▶ **Scraped caption text data**:

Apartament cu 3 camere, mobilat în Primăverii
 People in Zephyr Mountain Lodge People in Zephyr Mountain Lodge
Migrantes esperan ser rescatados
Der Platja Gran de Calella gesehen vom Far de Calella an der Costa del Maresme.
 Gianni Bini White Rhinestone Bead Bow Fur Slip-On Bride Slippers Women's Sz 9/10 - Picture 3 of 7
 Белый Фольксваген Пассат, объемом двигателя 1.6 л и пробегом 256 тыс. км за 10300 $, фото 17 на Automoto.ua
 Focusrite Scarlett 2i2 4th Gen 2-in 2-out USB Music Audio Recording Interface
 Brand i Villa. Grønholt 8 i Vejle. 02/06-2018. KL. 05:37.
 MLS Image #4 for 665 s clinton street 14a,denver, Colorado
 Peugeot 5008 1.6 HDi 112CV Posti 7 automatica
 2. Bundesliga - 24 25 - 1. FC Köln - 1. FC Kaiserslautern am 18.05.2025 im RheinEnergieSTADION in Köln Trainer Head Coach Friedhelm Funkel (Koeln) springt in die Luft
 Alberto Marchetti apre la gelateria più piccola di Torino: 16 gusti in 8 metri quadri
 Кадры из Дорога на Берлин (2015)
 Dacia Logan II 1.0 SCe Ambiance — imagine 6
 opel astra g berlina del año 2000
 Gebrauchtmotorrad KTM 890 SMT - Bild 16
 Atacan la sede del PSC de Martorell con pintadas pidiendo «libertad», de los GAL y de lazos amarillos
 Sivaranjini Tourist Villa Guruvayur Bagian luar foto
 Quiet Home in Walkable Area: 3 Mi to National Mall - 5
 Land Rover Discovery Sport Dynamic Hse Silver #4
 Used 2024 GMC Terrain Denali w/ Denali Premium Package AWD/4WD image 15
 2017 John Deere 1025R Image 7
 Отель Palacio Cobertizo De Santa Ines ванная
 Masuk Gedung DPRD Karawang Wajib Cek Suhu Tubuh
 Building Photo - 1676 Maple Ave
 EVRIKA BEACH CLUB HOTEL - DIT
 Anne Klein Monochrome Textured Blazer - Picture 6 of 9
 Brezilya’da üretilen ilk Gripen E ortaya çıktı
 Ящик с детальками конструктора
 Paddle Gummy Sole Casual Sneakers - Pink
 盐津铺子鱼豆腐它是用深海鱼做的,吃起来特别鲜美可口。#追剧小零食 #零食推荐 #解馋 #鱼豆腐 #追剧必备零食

▶ **Exercise goal**:
Transcribe every entry, keeping each line exactly as it reads.

▶ **Task solution**:
Apartament cu 3 camere, mobilat în Primăverii
 People in Zephyr Mountain Lodge People in Zephyr Mountain Lodge
Migrantes esperan ser rescatados
Der Platja Gran de Calella gesehen vom Far de Calella an der Costa del Maresme.
 Gianni Bini White Rhinestone Bead Bow Fur Slip-On Bride Slippers Women's Sz 9/10 - Picture 3 of 7
 Белый Фольксваген Пассат, объемом двигателя 1.6 л и пробегом 256 тыс. км за 10300 $, фото 17 на Automoto.ua
 Focusrite Scarlett 2i2 4th Gen 2-in 2-out USB Music Audio Recording Interface
 Brand i Villa. Grønholt 8 i Vejle. 02/06-2018. KL. 05:37.
 MLS Image #4 for 665 s clinton street 14a,denver, Colorado
 Peugeot 5008 1.6 HDi 112CV Posti 7 automatica
 2. Bundesliga - 24 25 - 1. FC Köln - 1. FC Kaiserslautern am 18.05.2025 im RheinEnergieSTADION in Köln Trainer Head Coach Friedhelm Funkel (Koeln) springt in die Luft
 Alberto Marchetti apre la gelateria più piccola di Torino: 16 gusti in 8 metri quadri
 Кадры из Дорога на Берлин (2015)
 Dacia Logan II 1.0 SCe Ambiance — imagine 6
 opel astra g berlina del año 2000
 Gebrauchtmotorrad KTM 890 SMT - Bild 16
 Atacan la sede del PSC de Martorell con pintadas pidiendo «libertad», de los GAL y de lazos amarillos
 Sivaranjini Tourist Villa Guruvayur Bagian luar foto
 Quiet Home in Walkable Area: 3 Mi to National Mall - 5
 Land Rover Discovery Sport Dynamic Hse Silver #4
 Used 2024 GMC Terrain Denali w/ Denali Premium Package AWD/4WD image 15
 2017 John Deere 1025R Image 7
 Отель Palacio Cobertizo De Santa Ines ванная
 Masuk Gedung DPRD Karawang Wajib Cek Suhu Tubuh
 Building Photo - 1676 Maple Ave
 EVRIKA BEACH CLUB HOTEL - DIT
 Anne Klein Monochrome Textured Blazer - Picture 6 of 9
 Brezilya’da üretilen ilk Gripen E ortaya çıktı
 Ящик с детальками конструктора
 Paddle Gummy Sole Casual Sneakers - Pink
 盐津铺子鱼豆腐它是用深海鱼做的,吃起来特别鲜美可口。#追剧小零食 #零食推荐 #解馋 #鱼豆腐 #追剧必备零食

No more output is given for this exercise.